When over Mineral Wells, assume the pilot receives a current altimeter setting of 29.94 and sets this in the altimeter window. Before entering the traffic pattern at Abilene Municipal Airport, a new altimeter setting of 29.69 is received from the Abilene Control Tower, and set in the altimeter setting window. If the pilot desires to fly the traffic pattern at approximately 800 feet above the terrain, and the field elevation of Abilene is 1,791 feet, an indicated altitude of 2,600 feet should be maintained (1,791 feet + 800 feet = 2,591 feet rounded to 2,600 feet).

The importance of properly setting the altimeter cannot be overemphasized. Assume that the pilot did not adjust the altimeter at Abilene to the current setting, and continued using the Mineral Wells setting of 29.94. When entering the Abilene traffic pattern at an indicated altitude of 2,600 feet, the airplane would be approximately 250 feet below the proper traffic pattern altitude. Upon landing, the altimeter would indicate approximately 250 feet higher than the field elevation.

Altimeter setting 29.94 Current altimeter setting 29.69 Difference .25 (Since 1 inch of pressure is equal to approximately 1,000 feet of altitude, .25 _ 1,000 feet = 250 feet.)

When determining whether to add or subtract the amount of altimeter error, remember that, when the actual pressure is lower than what is set in the altimeter window, the actual altitude of the airplane will be lower than what is indicated on the altimeter.


If no means were provided for adjusting altimeters to nonstandard pressure, flight could be hazardous. For example, if flying from a high-pressure area to a low-pressure area without adjusting the altimeter, the actual altitude of the airplane would be LOWER than the indicated altitude. An old saying, "HIGH TO LOW, LOOK OUT BELOW" is a way of remembering which condition is dangerous. When flying from a low-pressure area to a high-pressure area without adjusting the altimeter, the actual altitude of the airplane is HIGHER than the indicated altitude.

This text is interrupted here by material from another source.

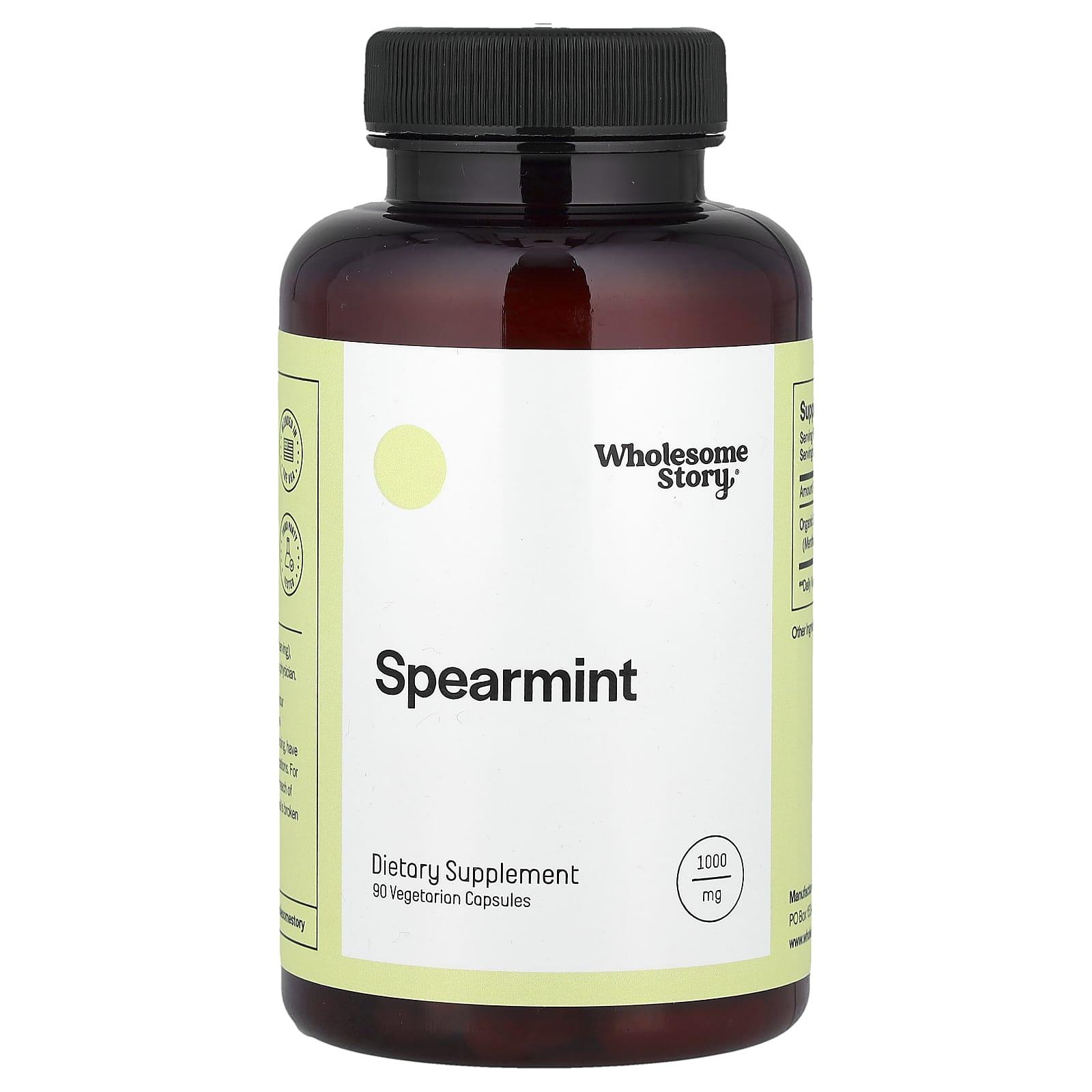 Wholesome Story, Spearmint, 90 Vegetarian Capsules (333 mg per Capsule) - Image 1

On a warm day, a given mass of air expands to a larger volume than on a cold day, raising the pressure levels. For example, the pressure level where the altimeter indicates 5,000 feet is HIGHER on a warm day than under standard conditions. On a cold day, the reverse is true, and the pressure level where the altimeter indicates 5,000 feet is LOWER.

The adjustment to compensate for nonstandard pressure does not compensate for nonstandard temperature.

If terrain or obstacle clearance is a factor in selecting a cruising altitude, particularly at higher altitudes, remember to anticipate that a colder-than-standard temperature places the airplane LOWER than the altimeter indicates. Therefore, it is necessary to use a higher indicated altitude to provide adequate terrain clearance. Modify the memory aid to "HIGH TO LOW OR HOT TO COLD, LOOK OUT BELOW."